I’m sure we’ll have another warm spell as Indian Summer occurs typically around the World Series, spurring memories of when I was a tyke. The first Fall Classic I recall pitted the New York Yankees against the Brooklyn Dodgers in 1956. Man, does that put me in the dinosaur-age category!

The Dodgers were the defending world champions in ’56, winners of their matchup with the Yanks in 1955; however, the Bronx Bombers beat Dem Bums this time around. The former Brooklyn Trolley Dodgers moved to Los Angeles after the 1957 season.

I was in the morning session of kindergarten, Mom picking me up at noon in her Ford Fairlane with the top down. We drove to Rayco, a service center in Paramus, NJ, that specialized in replacing convertible tops, except hers only needed the clear-vinyl back window. Someone or something poked a hole in the original one.

As we were sitting in the waiting room, the World Series was being broadcast over the intercom system. Whitey Ford was pitching. My mother loved baseball, the Yanks, and him in particular. Unfortunately for us, New York lost the game. An old saying of mine came from that afternoon, with Mum’s utterance of how it was bad luck to win the first game anyway.

The Yanks took the championship in seven games, the last time two New York City teams were in Fall Classic together until 2000 with the Mets. The Giants moved to San Francisco in 1958, and the Big Apple was without a National League team until the New York Metropolitan Baseball Club was formed in 1962.

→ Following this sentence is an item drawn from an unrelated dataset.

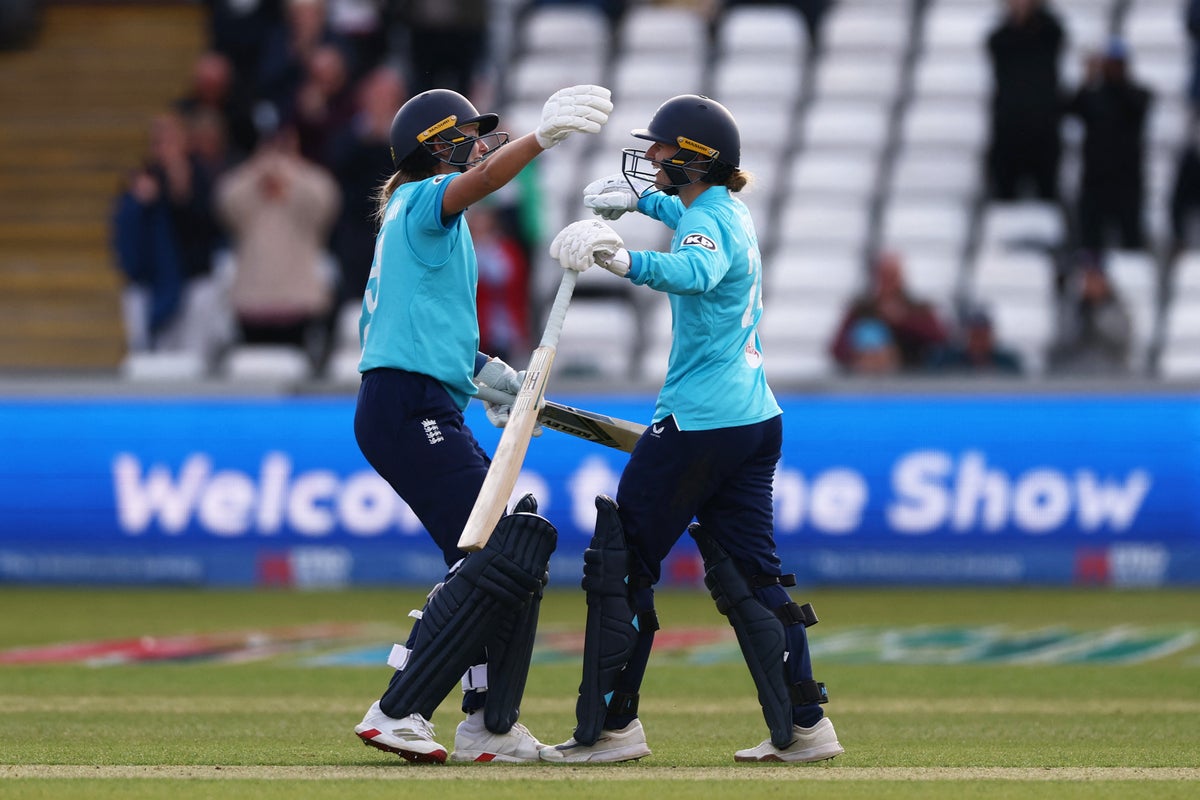 Injury-hit England edge past New Zealand in nervy start to huge summer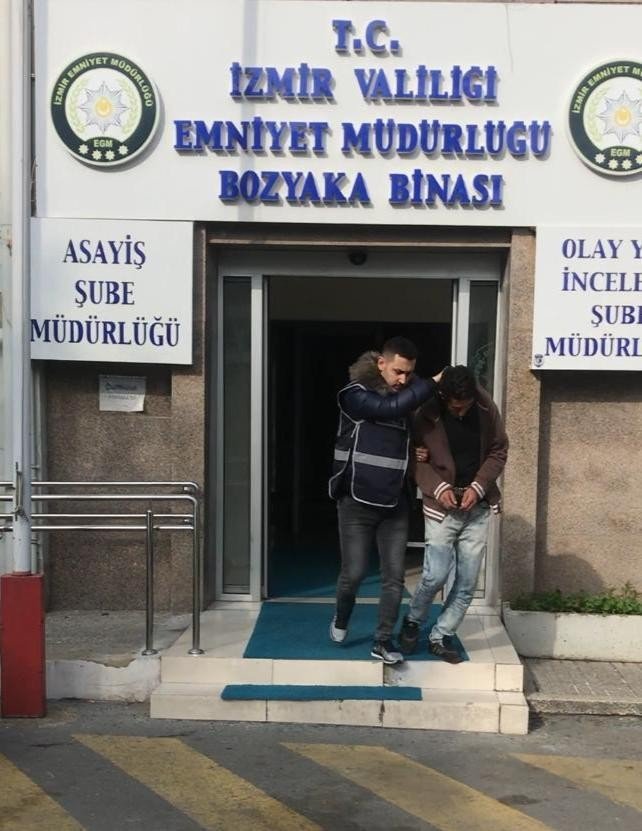 İzmir’de husumetlisini öldüren zanlı adliyede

Our hometown heroes, the Phillies, broke even this season with a record of 81-81, and 4th place in the National League East behind their division rival, the Mets, who made it to 3rd place this year. The Nationals and Atlanta are still battling to win the division series along with the Dodgers and St. Louis.

The Yanks are in the postseason with the Twins, Tampa Bay and Houston for the American League division series. Wouldn’t it be cool, in my humble opinion, for a Dodgers and Yanks’ matchup for this year’s Fall Classic? We shall see, but as usually is the case, always bet against me to win.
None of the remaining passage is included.